5 comments have been made. Post a comment.

The Construction Industry is more fair?

Am I reading the ninth chart correctly? There is greater parity in construction between men and women, but one of the worst (most unequal) sectors is financial services?

Construction related wages

Construction related wages are frequently governed by union rates whereas financial services, and many others, are not.

I've read your article,

I've read your article, printed it out and inserted into a book I'm reading currently. You're probably familiar with "Women don't ask" by Linda Babcock and Sara Laschever.

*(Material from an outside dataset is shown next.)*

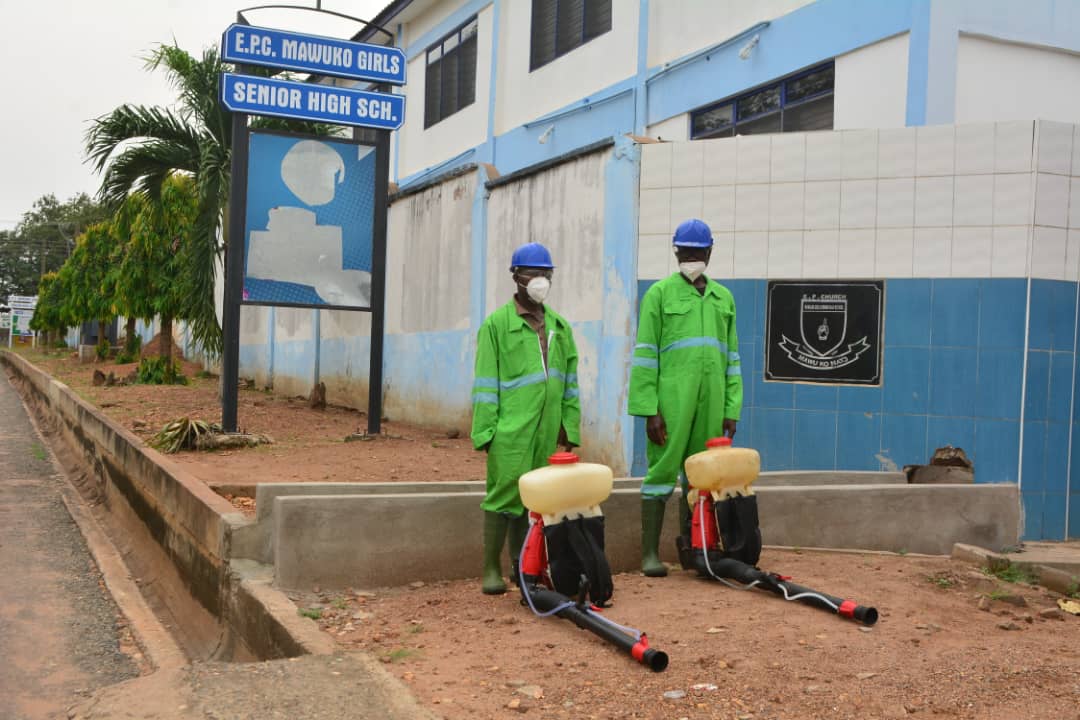 Basic & SHSs in Oti Benefit from Mass Disinfection ahead of re-opening of schools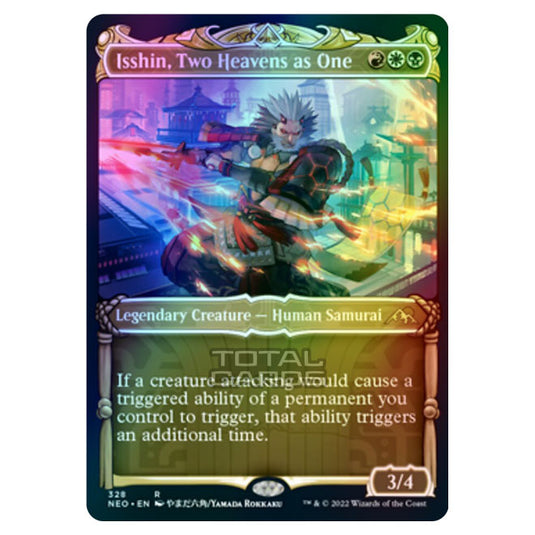 Magic The Gathering - Kamigawa - Neon Dynasty - Isshin, Two Heavens as One - 328/302 (Foil)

It researches the same issue: women are underpaid in comparison to their male coworkers.
The researchers say it's because - apart from what you mentioned in your article: sexism we encounter - we also don't ask for more than we already have, we constantly undervalue our hard work and contributions, and we are more "uncomfortable" to enhance our job satisfaction actively (vs. passively wait to be noticed and a promotion or raise to come to us).
The reasons of that are scary: it's how we are schooled as children (at home: toys, allowance, school: girls can't be good at math, media such as cartoons or stories: female characters patiently waiting to be saved by male characters, to name a few). We are taught to follow gender-appropriate behaviors and stay passive, "for the people" (care taking of others) or dependent. It is so deeply imprinted into our socialization that by the time we grow up, we believe these are simply our unique traits!
As scary as it sounds, I like the message this book sends: we CAN DO something about it. It's time to start asking! Start negotiating our salaries, raises, promotions, working conditions, household responsibilities. I challenge you all to define what you want (make, have, do) and ASK FOR IT, because 75c to a dollar is not how we want it to be!

I asked for it. I was treated

I asked for it. I was treated like a hysteric.
because we all know what happens when women asser authority or power or act like a man.
damned if you do, damned if you don't.

I don't doubt that their is a

I don't doubt that their is a wage gap but I think it would be interesting if there are other factors like amount of past experience (years), years at current company, as well as average overtime worked per year. I think looking into these factors would be helpful either way by dispelling this common rebuttal or finding out it is true so we can work on the disparity.